Rio Istian Kayaking with Caballito’s Mar is around $20pp, kids free (double kayaks). It can be strenuous kayaking against the wind on the lake. In dry season water levels were low and you might not see a lot of wildlife. This was one of things we had to cut during the downpours, but we hear it’s a really fun trip.

Reserva Charco Verde

This nature reserve surrounds the Laguna Charco Verde. We first visited the butterfly house at the ticket entrance, this was quite small but quiet and peaceful. We then walked through a more manicured garden that morphed into the jungle trail.

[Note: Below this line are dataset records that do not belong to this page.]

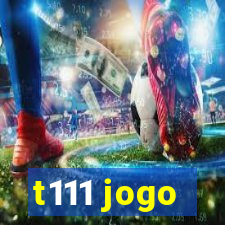 t111 jogo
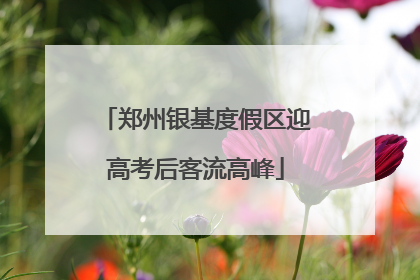郑州银基度假区迎高考后客流高峰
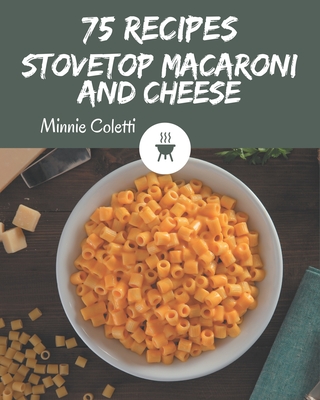 75 Stovetop Macaroni and Cheese Recipes: Make Cooking at Home Easier with Stovetop Macaroni and Cheese Cookbook! By Minnie Coletti Cover Image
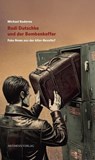 Rudi Dutschke und der Bombenkoffer - Michael Kuderna - 9783849820800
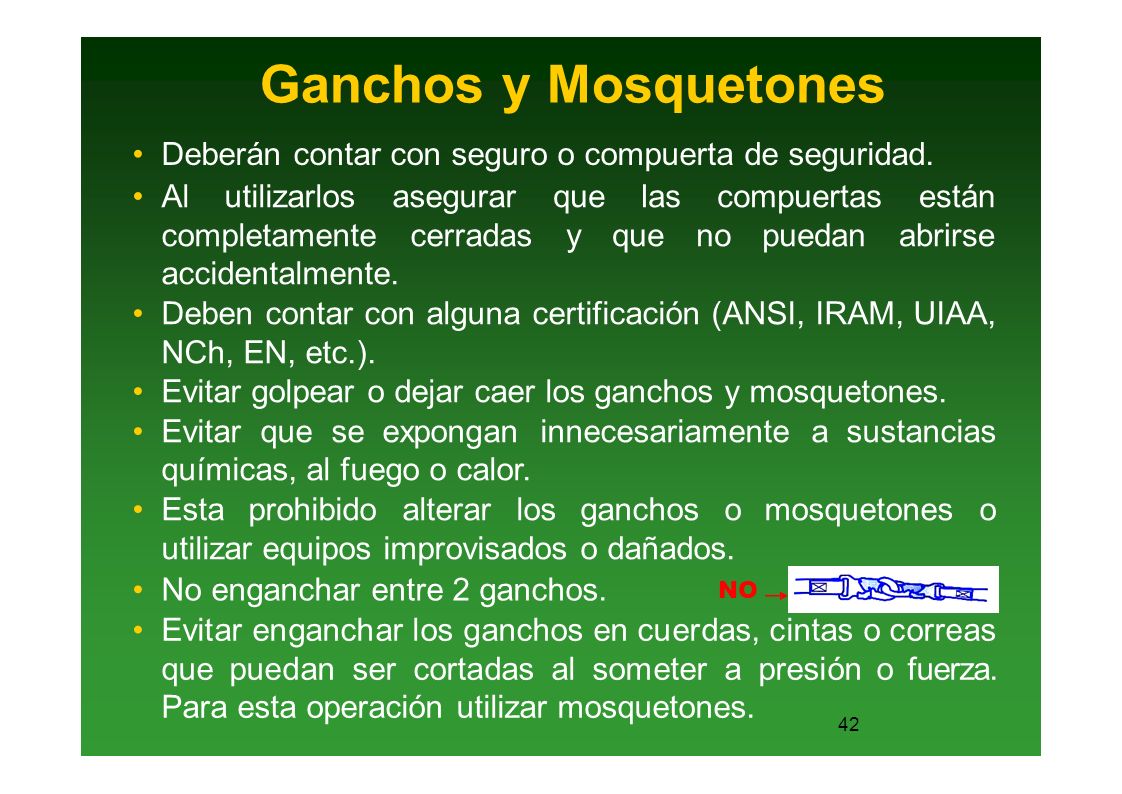 Ganchos y Mosquetones Deberán contar con seguro o compuerta de seguridad. Al utilizarlos asegurar completamente cerradas accidentalmente.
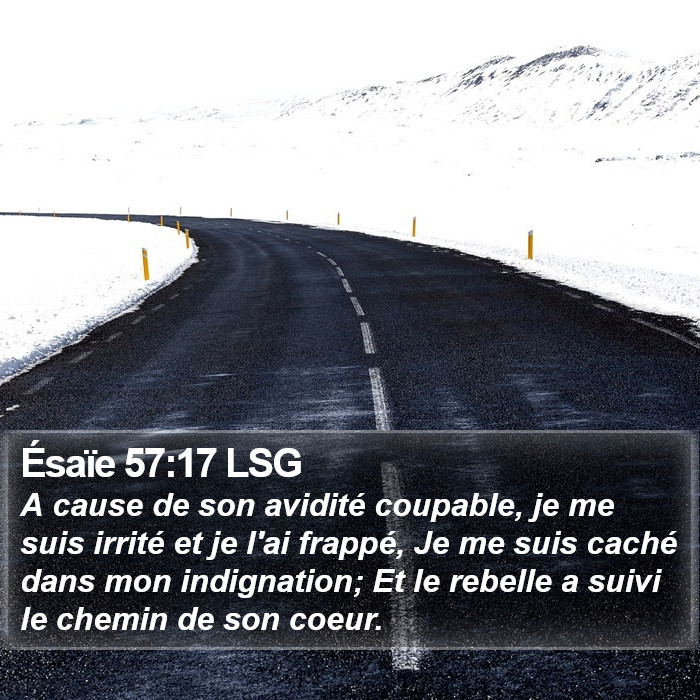 Ésaïe 57:17 LSG - A cause de son avidité coupable, je me suis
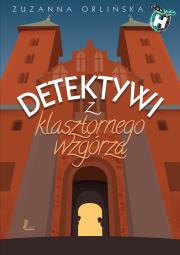 Detektywi z klasztornego wzgórza. Autor: Orlińska Zuzanna. Dadada.pl Okładka książki Detektywi z klasztornego wzgórza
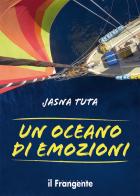 Un oceano di emozioni di Jasna Tuta edito da Edizioni Il Frangente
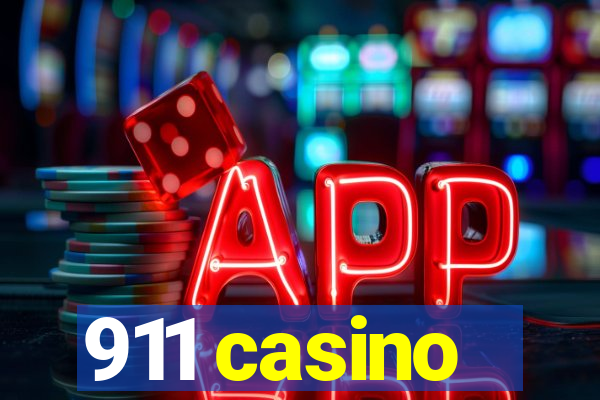 911 casino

There are 3 trails surrounding the lagoon. We opted for the full walk around the jungle perimeter, which diverts to the wild black-sand beach of Lake Nicaragua around halfway through. The path was suitable for the pushchair, save for a few larger tree roots. Once again, we had the whole park to ourselves. We all changed into our swim gear on the beach (no changing rooms but absolutely zero people so…) and spent a beautiful hour or so in the warm, clear water. No matter what direction you look, the volcanic coast stretches into its mounds on either side of you and front and behind just water and jungle meeting right on the beach - there wasn’t a single bit of civilization in sight.

Once we got dressed, we picked up the main path again, finding stick insects, cicada cases and a plethora of large and small birds. In an unforgettable moment, I hushed everyone for a rustle in the trees and after a minute or so, a singular howler monkey emerged! He howled away (more like a pig oink!), walking around the lower tree branches, very close - one of those perfect moments.

This was quickly ushered on by the slight panic that we had overstayed, about to be locked in and we would have to break out (this happened to us in Birdworld, UK once!). We picked up the pace and found we had indeed been locked in and had to breakout! A crawl between the wall of the butterfly house and some bushes and we managed it without confronting any barbed wire!

Ometepe Island Summary:

The Ometepe landscape was painted green and exploding with thick rainforest, black sand beaches, beautiful swimming and the worlds greatest sunsets. Even if you’re only visiting Nicaragua for a week, Ometepe should be on your route. I can’t put it more plainly than that!